An economics, investment, trading and policy blog with a focus on Modern Monetary Theory (MMT). We seek the truth, avoid the mainstream and are virulently anti-neoliberalism.
Tuesday, April 5, 2011
White House rejects GOP's one-week stopgap funding measure
Is Obama finally starting to grow a backbone?
The White House rejected a one-week stopgap spending measure that would have included an additional $12 billion in cuts, bringing the total amount of cuts up to $22 billion if passed.
The president has thrown down the gauntlet it appears. Now the likelihood of a government shutdown is very high.
What gets affected in the case of a government shutdown? All non-essential services are cut. In addition, government workers not deemed “essential” are furloughed while essential employees (members of Congress, uniformed military personnel and federal employees working in areas of national security and law enforcement are deemed essential) continue to work in a non-pay status.

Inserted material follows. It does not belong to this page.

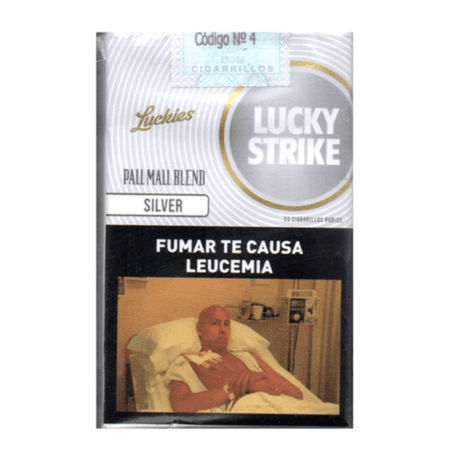 CIGARRILLOS LUCKY STRIKE SILVER KS 20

National parks and museums close, visa and passport applications are halted, veterans’ benefits cease and so do payments to federal contractors.

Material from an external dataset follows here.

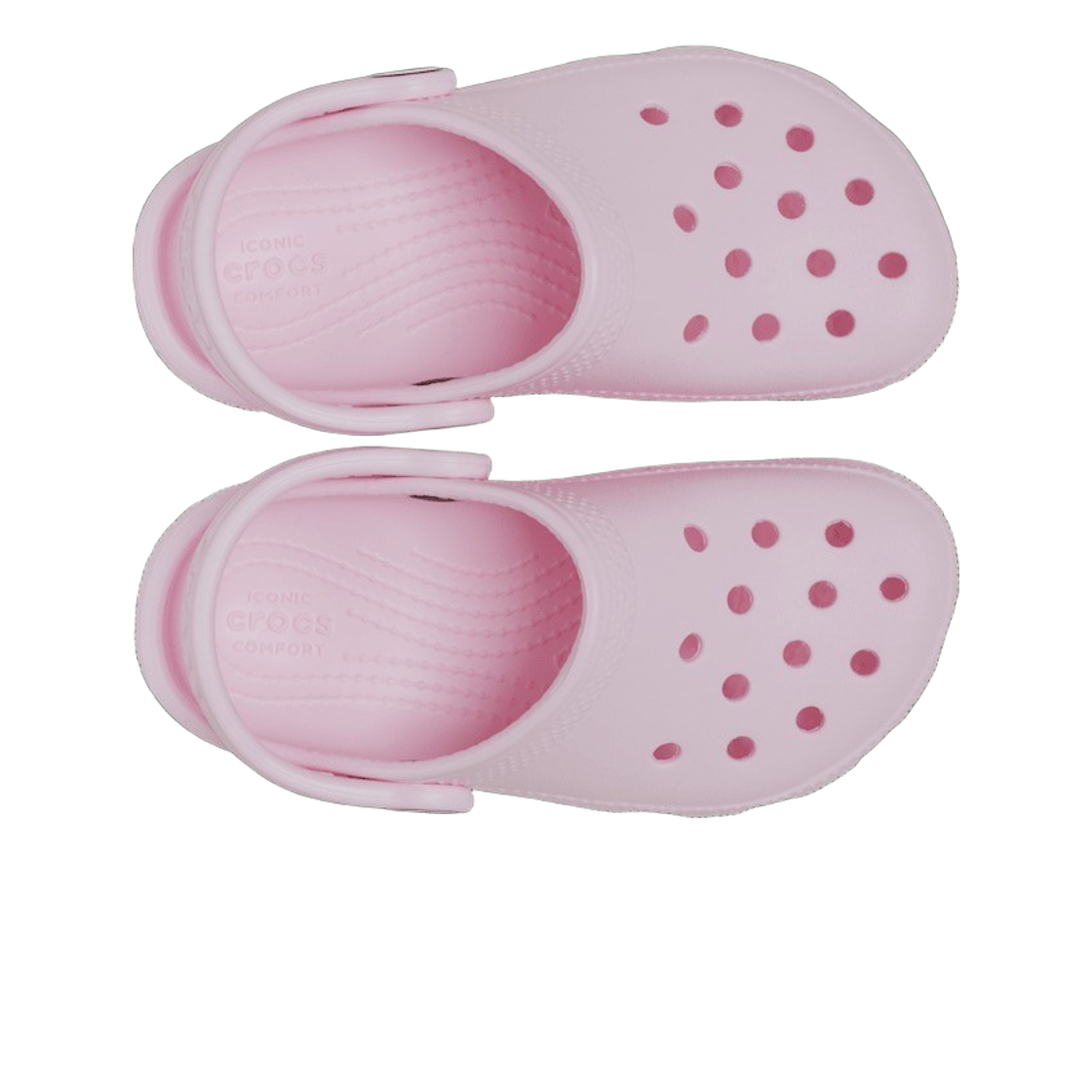 (키즈) 크록스 클래식 클로그 핑크 밀크((Kids) Crocs Classic Clog Pink Milk) - 2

There have been shutdowns in the past. Most recently we saw shutdowns in 1995 and 1996. These did not cause major disruptions, but the situation was decidedly different back then as Congress had already appropriated funds to meet spending needs prior to those shutdowns. In the current case, there are no appropriations after April 8.
In addition, the unemployment rate was 5.5 percent in 1996 compared to today’s 8.8 percent level. The economy’s ability to weather a hit to demand is much more questionable now than it was then. Many business leaders agree. Verizon CEO Ivan Seidenberg, who is also the Chairman of the Business Roundtable, said that a government shutdown would do “serious damage” to the economy.